Working from the records below, repeat exactly the lines starting at the line that contains "RAF 2 Compartment" and ending at the line that contains "Cat Funny Jumping", inclusive.

(Records drawn from a dataset):
::::::

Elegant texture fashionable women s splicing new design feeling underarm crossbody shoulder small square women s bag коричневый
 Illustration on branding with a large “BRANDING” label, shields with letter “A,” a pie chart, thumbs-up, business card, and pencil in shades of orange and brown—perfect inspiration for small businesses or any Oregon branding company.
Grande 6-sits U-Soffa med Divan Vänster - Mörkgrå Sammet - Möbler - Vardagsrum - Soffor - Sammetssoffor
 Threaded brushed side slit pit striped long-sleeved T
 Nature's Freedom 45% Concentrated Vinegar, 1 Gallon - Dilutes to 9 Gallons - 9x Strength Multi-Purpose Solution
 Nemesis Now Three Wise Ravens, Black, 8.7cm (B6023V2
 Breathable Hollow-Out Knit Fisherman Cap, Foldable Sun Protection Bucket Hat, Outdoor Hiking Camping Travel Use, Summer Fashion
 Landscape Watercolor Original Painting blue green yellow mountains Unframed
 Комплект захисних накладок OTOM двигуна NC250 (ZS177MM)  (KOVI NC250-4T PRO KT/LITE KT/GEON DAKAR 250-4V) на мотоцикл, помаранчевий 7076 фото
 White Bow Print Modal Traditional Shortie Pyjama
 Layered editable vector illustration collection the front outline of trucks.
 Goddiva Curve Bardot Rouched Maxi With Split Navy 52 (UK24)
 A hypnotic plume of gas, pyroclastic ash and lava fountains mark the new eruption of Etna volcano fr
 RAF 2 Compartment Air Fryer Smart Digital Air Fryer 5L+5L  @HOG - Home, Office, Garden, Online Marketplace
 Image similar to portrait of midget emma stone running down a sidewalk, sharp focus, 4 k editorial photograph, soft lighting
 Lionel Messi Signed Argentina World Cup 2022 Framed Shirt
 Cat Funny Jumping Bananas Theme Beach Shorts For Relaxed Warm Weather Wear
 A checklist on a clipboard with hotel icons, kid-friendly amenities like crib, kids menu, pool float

::::::

(TASK SOLUTION):
 RAF 2 Compartment Air Fryer Smart Digital Air Fryer 5L+5L  @HOG - Home, Office, Garden, Online Marketplace
 Image similar to portrait of midget emma stone running down a sidewalk, sharp focus, 4 k editorial photograph, soft lighting
 Lionel Messi Signed Argentina World Cup 2022 Framed Shirt
 Cat Funny Jumping Bananas Theme Beach Shorts For Relaxed Warm Weather Wear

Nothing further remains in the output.